Dynamic NMR microscopy : a thesis presented in partial fulfilment of the requirements for the degree of Doctor of Philosophy in Physics at Massey University

Abstract

The theory and practice of Dynamic NMR Microscopy are described in detail. The description consists of a brief presentation of k-space imaging which includes the 2-D filtered back-projection (PR) reconstruction algorithm as well as the influence of various image contrast factors, a detailed discussion of q-space imaging which employs the Pulsed-Gradient Spin-Echo (PGSE) sequence and a thorough description of Dynamic NMR Microscopy which combines both k-space and q-space mapping. The velocity and self-diffusion image artifacts and errors associated with Dynamic NMR Microscopy have also been investigated extensively. As part of this work, various modifications to and developments of the existing imaging system have been made. These include the probe design for 'non-trivial' flow imaging experiments and software programming using assembly, BASIC, FORTRAN and PASCAL languages. Several instrument-related issues in NMR microscopy have also been investigated. They include the attempt to improve spatial resolution by scaling down the receiver coil, the zero-frequency 'glitch' artifact in images and the effect of induced eddy current in imaging experiments. The results of the comprehensive water capillary flow experiments have shown that simultaneous measurement of velocity and self-diffusion coefficient can be made both accurately and precisely using Dynamic NMR Microscopy. Imaging experiments which investigate molecular motion of relevance to plant physiology, fluid dynamics and polymer physics have been carried out. In the in vivo botanical studies, velocities of approximately 10 µm/s in the castor bean experiment and 45 µm/s in the Stachys experiment have been measured.

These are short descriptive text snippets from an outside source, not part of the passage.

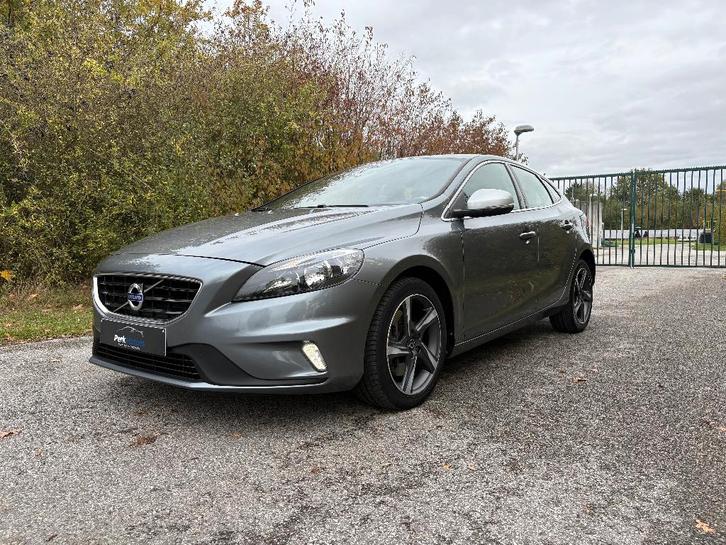 Volvo V40 2.0 D2 Geartronic R-Design Euro 6b - Garantie*Ohb, Auto's, Volvo, Bedrijf, Te koop, V40, ABS, Airbags, Airconditioning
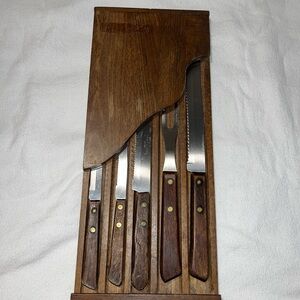 Washington Forge Wooden Knife Set with hanging Block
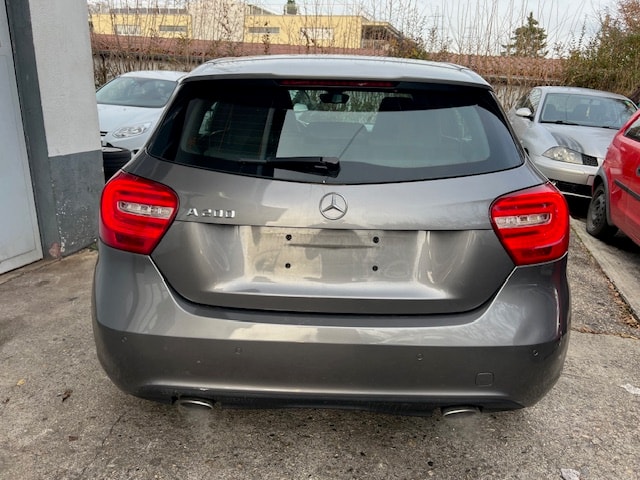MERCEDES-BENZ A 200-image-5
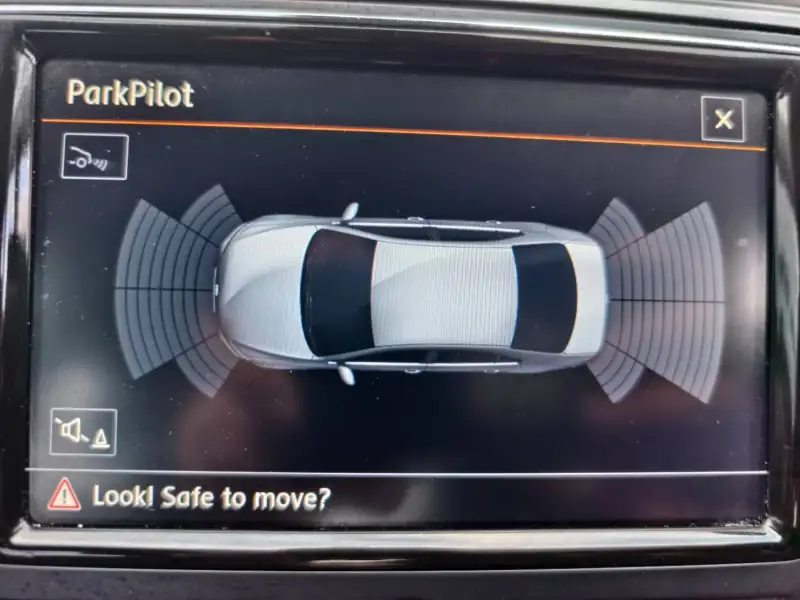 2014 VOLKSWAGEN PASSAT 130 TDI HIGHLINE, Top of the range, well maintained, $ 9999 On special.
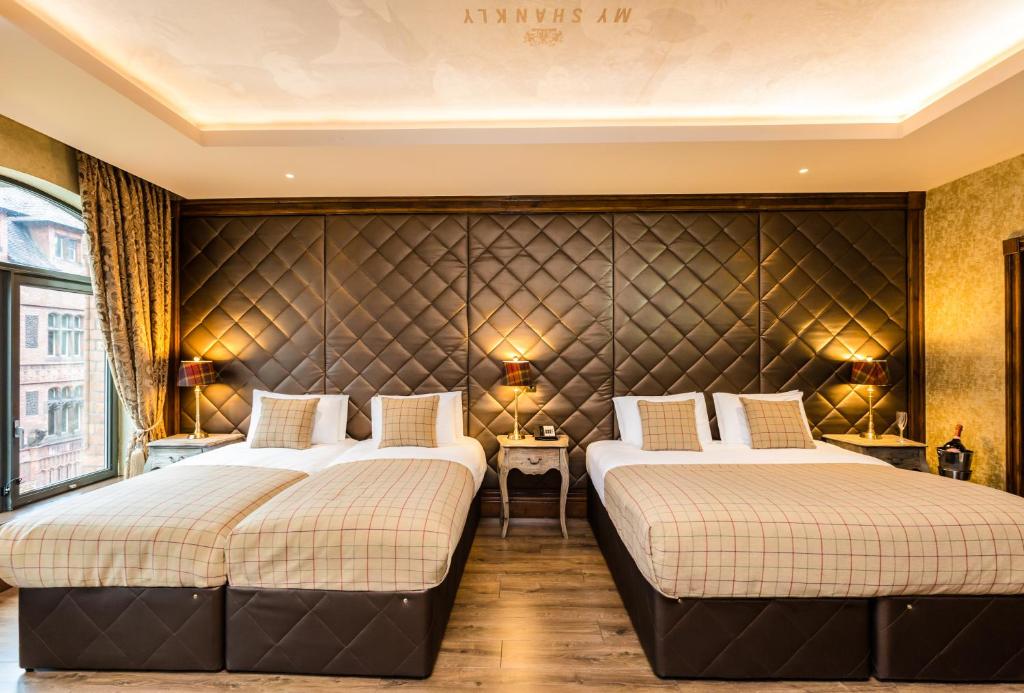 
Luxury Studio (Sleeping 5)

In the rheological studies, induced secondary flow (eddy) around the abrupt junction in a tube was observed, which has agreed well with numerical simulation of the Navier-Stokes equation. In the studies of unusual rheological properties of high molar mass polymer solutions, velocity profiles for WSR301 polyethylene oxide (PEO)/H2O in capillary flow were measured and fitted using the power law model. The measurement of self-diffusion profiles for monodisperse PEO standards in D2O has shown clear evidence for the breakdown of molecular entanglements in semi-dilute solutions once the shear rate exceeds the equilibrium tube renewal rate, τd-1.